At the species level, there are concerns for five species. Parartemia boomeranga naturally occurred over a small area, and it seems all the lakes in this area are now too salinised to support it, while P. extracta’s distribution has shrunk as lakes in its domain salinised [10]. These authors suggest both should be given an IUCN Vulnerable Status, but this has not been acted upon because of lack of sufficient evidence. In an effort to get such data for P. extracta, it seems it is safe in some core lakes in its distribution (A. Pinder, pers. comm.) and its known distribution has actually been expanded (author, unpublished data).

With just four known sites for P. mouritzi, two of which are mildly salinised, Timms et al. [10] suggested this be given local classification of WA DPAW Priority 1 species. Similarly, P. bicorna and the undescribed Parartemia sp. “e” occur in just one lake each, and a DPAW Priority 4 allocation is appropriate. These suggestions have not been acted upon because authorities want extensive field collections to prove these cases. This is difficult for extremely episodic and remote lakes. For instance, recently P. bicorna has been found in Lake Minigal (B. Datson, pers. comm) and Lake Ballard (R. Pedler, pers. comm.), both of which had filled for the first time in years and a collector had visited at a propitious time.
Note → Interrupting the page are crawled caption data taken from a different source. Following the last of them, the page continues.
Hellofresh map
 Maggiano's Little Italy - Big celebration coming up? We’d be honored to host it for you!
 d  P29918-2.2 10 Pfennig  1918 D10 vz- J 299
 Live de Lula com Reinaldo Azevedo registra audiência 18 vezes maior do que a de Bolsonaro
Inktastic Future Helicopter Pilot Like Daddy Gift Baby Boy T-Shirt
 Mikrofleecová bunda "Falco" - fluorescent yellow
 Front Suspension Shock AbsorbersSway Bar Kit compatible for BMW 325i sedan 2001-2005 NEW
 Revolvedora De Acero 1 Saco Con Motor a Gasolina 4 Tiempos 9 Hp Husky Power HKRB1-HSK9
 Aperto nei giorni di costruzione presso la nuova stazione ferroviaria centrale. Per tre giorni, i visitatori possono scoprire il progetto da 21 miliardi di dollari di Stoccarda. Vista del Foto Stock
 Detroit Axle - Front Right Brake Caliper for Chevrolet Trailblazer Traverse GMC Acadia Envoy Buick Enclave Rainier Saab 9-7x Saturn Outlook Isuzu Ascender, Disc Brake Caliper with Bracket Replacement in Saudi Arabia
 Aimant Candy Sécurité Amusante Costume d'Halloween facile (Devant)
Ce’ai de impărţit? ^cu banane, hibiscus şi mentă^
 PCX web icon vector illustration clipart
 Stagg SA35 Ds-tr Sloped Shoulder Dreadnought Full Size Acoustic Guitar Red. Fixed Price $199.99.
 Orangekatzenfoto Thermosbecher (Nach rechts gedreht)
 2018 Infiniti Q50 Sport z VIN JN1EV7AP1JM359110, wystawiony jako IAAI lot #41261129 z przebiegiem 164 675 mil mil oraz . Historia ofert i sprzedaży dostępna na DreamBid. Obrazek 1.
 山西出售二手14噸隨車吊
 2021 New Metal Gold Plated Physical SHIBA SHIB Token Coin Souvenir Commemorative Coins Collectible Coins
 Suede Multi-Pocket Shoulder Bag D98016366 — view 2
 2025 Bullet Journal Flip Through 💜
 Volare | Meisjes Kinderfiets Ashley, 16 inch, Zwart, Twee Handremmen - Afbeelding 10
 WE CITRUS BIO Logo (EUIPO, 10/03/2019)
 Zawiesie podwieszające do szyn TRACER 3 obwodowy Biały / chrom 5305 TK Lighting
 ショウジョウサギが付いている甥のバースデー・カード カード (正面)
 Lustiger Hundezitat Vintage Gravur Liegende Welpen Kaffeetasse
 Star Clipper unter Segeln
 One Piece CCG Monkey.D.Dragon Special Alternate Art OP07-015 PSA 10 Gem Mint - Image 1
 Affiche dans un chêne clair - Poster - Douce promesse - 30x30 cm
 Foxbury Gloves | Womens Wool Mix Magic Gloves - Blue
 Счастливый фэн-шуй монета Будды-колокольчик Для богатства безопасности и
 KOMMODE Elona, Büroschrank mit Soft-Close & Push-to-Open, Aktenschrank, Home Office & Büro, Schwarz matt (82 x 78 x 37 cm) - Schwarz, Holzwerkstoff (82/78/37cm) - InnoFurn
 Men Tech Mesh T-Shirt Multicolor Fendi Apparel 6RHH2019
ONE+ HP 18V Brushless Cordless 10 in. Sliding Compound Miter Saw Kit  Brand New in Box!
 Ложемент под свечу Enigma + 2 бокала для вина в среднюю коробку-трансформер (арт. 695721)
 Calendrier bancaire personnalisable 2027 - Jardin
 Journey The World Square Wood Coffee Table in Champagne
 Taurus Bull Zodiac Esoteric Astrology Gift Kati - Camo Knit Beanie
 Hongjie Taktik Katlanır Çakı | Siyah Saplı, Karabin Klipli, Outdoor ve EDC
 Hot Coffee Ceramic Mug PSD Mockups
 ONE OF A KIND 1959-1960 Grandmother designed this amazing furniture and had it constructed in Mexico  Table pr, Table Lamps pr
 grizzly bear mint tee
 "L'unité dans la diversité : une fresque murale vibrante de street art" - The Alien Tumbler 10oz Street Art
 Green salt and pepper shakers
No recommendations have been made for species of Parartemia in other states, though they are considered safe enough in settled areas (Qld, NSW, Vic, Tas, SA) or their known occurrences are so remote (P. auriciforma, P. triquetra in SA, P. laticaudata in NT) that there are no concerns. The salt tolerant fairy shrimp, Branchinella buchananensis is considered endangered in New South Wales and under the Fisheries Management Act of 1994 it has been declared a vulnerable fish (!) species. It occurs in a few [47] known localities in the state and one of these contains an economic deposit of gypsum, which in the 1990s was proposed to be mined. The present owners of the lake are much more sympathetic to its ecology.

Conclusions

Australia has three genera and 32 species of anostracans in its saline lakes. The otherwise freshwater Branchinella is largely restricted to hyposaline waters. Most of its species probably osmoconform, but two at higher salinites may not. Native parthenogenetic Artemia is spreading into altered salinas, but introduced A. franciscana is not, despite predictions. Parartemia (19 species) generally hypo-osmoregulate almost as competently as Artemia but are restricted at very high salinities as they lack haemoglobin to function in the low oxygen environments. Populations can suffer continuous mortality through lack of food resources.

Mating in Parartemia is by lock and key amplexis, but why this should be so is not easily explained, given species almost never co-occur. Species are smaller where salinas have shorter hydrologies, perhaps an adaptation to increase the chances of maturation. The ecology of only one species has been extensively investigated; others may live differently, especially those in acid saline waters, an obvious gap in knowledge.

Many saline lakes in Australia are being modified, particularly in the Wheatbelt of WA, so that some species are at risk. Except for a species in NSW which has been designated a vulnerable fish (!), none has been protected, largely because authorities require more data and such are hard to get for species living in remote episodic sites.